Martínez-Miranda's passion for science started with her chemist parents. After a childhood in Maryland, her family moved to Puerto Rico, where a high school physics teacher piqued her affinity for physics by starting the course with optics and light, instead of the customary vector sum lessons.
As she pursued physics in at the University of Puerto Rico's Río Piedras campus, she also studied music at the Conservatory of Music of Puerto Rico, earning a degree in musical performance at the same time that she finished her physics master's degree. Though she specialized in piano performance, her true musical passion became playing harpsichord with Baroque groups.

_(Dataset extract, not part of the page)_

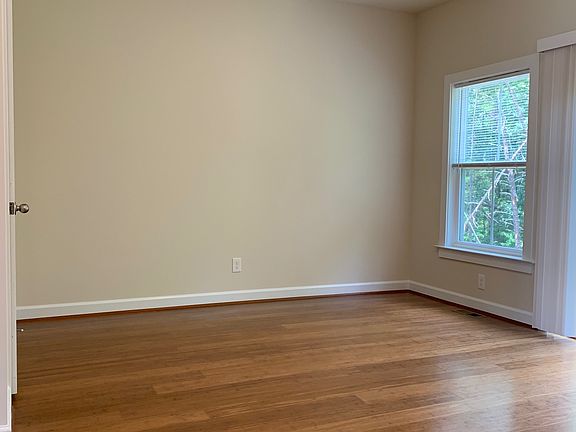 5th image of 62 Andrews Pl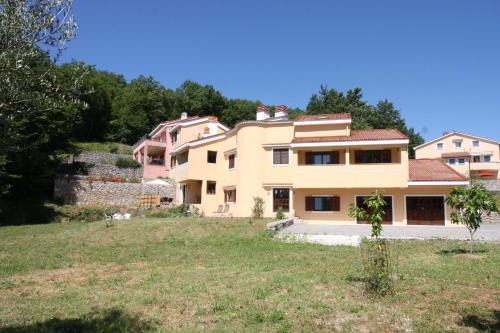 Kuceli House | Apartments and Room in Nature Setting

Her love of music crescendoed, but her career path clung to science. While working on her Ph.D. at the Massachusetts Institute of Technology, she found advisor Robert Birgeneau, whose zeal for liquid crystal science won her over. "He had a way of being very enthusiastic, very animated about this field," she recalls. That enthusiasm stayed with her through her work at the University of California at Berkeley, the Naval Research Laboratory, and other locations, before landing at the University of Maryland.
International conferences have lured her around the world. Last year, Martínez-Miranda and collaborators organized a National Science Foundation-sponsored physics conference in Puerto Rico for people from all over the Americas; a similar 2014 Argentina conference is in planning stages. This spring, in South Africa, she was part of the U.S. delegation at the International Union of Pure and Applied Physics' International Conference on Women in Physics.
"We have more young women going into physics and the engineering fields," Martínez-Miranda says, but change has been gradual. She recalls listening to a discussion on women in science about five years ago, and heard the same complaints of women scientists in the 1980s — including one woman scientist who reported feeling ignored by male colleagues, who assumed she had a non-leadership role. "I thought that we had crossed a threshold, but we're not quite there yet," Martínez-Miranda says.
It helps, though, when a student sees a scientist role model that looks like him or her: "They feel like they can make it," she says.